Data excerpts:

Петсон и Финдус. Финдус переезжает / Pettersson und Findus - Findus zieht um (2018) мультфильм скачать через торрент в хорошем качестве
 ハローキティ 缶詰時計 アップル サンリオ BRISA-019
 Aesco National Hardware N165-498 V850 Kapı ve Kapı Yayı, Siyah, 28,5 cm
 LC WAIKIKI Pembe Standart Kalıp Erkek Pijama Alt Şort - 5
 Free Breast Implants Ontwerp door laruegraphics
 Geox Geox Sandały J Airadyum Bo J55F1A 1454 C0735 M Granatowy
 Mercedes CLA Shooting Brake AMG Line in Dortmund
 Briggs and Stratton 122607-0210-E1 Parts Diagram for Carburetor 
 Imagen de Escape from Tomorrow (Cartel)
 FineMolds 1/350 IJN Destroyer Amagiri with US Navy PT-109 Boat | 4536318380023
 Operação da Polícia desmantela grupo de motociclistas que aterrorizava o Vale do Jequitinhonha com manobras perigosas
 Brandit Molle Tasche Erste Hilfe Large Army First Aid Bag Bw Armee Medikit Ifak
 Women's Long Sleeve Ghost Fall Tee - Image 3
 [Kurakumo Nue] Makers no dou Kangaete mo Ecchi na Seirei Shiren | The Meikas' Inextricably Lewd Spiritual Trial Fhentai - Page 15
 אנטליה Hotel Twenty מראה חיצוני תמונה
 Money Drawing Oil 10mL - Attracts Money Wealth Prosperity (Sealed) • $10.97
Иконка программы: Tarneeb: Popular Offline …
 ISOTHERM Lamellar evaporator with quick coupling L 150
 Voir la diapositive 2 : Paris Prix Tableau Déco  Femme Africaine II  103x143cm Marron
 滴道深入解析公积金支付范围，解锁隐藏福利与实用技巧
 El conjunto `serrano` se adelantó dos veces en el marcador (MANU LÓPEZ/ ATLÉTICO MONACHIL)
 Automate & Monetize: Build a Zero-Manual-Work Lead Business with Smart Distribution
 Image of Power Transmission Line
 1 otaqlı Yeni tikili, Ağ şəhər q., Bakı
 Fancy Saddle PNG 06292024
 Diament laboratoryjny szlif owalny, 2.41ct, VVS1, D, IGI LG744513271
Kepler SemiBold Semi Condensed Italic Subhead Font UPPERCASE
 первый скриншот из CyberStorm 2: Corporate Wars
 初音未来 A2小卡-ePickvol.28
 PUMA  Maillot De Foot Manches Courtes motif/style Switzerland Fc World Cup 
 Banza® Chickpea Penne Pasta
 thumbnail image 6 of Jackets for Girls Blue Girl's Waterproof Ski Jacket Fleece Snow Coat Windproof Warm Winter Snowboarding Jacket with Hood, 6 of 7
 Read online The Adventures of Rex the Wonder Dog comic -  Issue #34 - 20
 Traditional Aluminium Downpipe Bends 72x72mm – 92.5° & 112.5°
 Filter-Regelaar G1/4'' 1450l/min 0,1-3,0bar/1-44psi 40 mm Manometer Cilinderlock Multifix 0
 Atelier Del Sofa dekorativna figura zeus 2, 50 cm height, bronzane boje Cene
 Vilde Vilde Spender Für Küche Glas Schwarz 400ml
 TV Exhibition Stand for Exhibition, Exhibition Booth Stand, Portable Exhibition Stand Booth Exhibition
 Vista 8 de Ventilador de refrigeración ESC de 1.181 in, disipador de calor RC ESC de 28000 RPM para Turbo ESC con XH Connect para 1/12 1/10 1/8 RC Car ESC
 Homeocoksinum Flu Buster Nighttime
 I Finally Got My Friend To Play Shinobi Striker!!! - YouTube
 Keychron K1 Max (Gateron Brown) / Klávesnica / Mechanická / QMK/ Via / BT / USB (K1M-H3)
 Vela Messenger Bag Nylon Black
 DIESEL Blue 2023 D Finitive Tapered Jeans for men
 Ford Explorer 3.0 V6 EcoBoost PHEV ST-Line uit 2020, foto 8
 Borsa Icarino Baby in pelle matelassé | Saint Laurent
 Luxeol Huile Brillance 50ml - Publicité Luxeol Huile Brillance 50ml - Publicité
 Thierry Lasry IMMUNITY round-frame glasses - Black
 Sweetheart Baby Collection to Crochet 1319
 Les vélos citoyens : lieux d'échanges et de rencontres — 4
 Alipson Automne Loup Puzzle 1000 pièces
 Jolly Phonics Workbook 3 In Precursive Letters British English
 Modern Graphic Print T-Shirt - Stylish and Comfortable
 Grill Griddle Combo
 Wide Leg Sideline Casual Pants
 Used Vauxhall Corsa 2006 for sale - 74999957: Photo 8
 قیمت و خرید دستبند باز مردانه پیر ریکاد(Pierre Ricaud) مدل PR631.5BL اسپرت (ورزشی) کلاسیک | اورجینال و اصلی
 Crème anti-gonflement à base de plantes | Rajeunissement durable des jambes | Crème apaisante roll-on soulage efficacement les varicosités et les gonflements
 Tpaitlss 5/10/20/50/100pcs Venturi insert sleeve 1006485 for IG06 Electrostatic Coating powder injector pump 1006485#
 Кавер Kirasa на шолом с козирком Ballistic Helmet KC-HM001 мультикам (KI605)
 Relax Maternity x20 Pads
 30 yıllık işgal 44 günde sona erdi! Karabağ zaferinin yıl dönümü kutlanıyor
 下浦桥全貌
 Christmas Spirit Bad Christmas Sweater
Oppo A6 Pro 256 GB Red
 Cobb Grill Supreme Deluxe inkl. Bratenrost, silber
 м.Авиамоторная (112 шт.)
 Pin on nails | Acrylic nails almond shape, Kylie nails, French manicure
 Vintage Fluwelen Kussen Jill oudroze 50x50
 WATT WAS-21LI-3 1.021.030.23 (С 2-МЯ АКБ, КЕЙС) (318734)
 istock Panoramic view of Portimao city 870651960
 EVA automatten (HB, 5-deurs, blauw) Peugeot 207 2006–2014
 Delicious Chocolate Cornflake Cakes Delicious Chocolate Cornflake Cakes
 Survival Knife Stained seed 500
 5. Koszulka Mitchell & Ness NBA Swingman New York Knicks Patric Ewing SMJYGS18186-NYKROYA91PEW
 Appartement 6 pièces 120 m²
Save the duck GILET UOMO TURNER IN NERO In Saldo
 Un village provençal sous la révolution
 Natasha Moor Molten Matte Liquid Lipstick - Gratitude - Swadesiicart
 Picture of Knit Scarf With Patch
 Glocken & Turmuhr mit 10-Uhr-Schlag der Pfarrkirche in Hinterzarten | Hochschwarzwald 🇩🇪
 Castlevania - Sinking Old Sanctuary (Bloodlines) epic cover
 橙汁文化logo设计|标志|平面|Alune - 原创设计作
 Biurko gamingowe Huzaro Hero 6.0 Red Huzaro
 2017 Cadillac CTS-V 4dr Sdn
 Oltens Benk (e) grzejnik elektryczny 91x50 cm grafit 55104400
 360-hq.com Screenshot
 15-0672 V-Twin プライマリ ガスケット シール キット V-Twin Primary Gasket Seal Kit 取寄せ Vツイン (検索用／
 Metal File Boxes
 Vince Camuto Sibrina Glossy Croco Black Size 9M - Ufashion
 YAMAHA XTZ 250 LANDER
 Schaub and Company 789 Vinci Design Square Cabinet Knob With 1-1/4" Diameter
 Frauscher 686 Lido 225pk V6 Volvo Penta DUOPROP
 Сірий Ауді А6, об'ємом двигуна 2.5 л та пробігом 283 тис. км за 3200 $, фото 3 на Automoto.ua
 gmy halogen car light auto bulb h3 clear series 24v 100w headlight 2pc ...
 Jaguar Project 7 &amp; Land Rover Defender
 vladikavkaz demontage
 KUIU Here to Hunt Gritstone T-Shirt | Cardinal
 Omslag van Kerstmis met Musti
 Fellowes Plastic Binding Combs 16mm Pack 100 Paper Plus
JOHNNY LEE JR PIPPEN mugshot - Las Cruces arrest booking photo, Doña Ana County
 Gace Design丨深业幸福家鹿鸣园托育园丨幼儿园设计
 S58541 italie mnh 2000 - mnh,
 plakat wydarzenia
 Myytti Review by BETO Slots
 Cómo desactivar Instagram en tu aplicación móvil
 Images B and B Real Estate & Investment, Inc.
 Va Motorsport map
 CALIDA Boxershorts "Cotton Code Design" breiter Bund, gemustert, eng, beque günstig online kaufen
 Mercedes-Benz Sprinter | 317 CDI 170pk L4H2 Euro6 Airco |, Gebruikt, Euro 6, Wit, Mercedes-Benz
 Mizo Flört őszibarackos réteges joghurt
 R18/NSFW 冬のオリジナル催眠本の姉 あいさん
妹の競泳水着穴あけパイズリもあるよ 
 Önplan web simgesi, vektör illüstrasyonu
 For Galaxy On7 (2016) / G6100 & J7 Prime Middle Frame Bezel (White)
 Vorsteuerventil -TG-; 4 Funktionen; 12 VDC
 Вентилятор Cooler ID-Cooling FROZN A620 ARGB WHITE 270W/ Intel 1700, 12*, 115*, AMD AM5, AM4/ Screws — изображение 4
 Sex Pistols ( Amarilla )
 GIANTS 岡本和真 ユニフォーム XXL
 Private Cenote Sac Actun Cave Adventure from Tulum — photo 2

-- Task item --
Your answer should consist solely of the lines above from the line with "thumbnail image 6" to the line with "Vista 8 de Ventilador", both included, reproduced exactly.

-- Response area --
 thumbnail image 6 of Jackets for Girls Blue Girl's Waterproof Ski Jacket Fleece Snow Coat Windproof Warm Winter Snowboarding Jacket with Hood, 6 of 7
 Read online The Adventures of Rex the Wonder Dog comic -  Issue #34 - 20
 Traditional Aluminium Downpipe Bends 72x72mm – 92.5° & 112.5°
 Filter-Regelaar G1/4'' 1450l/min 0,1-3,0bar/1-44psi 40 mm Manometer Cilinderlock Multifix 0
 Atelier Del Sofa dekorativna figura zeus 2, 50 cm height, bronzane boje Cene
 Vilde Vilde Spender Für Küche Glas Schwarz 400ml
 TV Exhibition Stand for Exhibition, Exhibition Booth Stand, Portable Exhibition Stand Booth Exhibition
 Vista 8 de Ventilador de refrigeración ESC de 1.181 in, disipador de calor RC ESC de 28000 RPM para Turbo ESC con XH Connect para 1/12 1/10 1/8 RC Car ESC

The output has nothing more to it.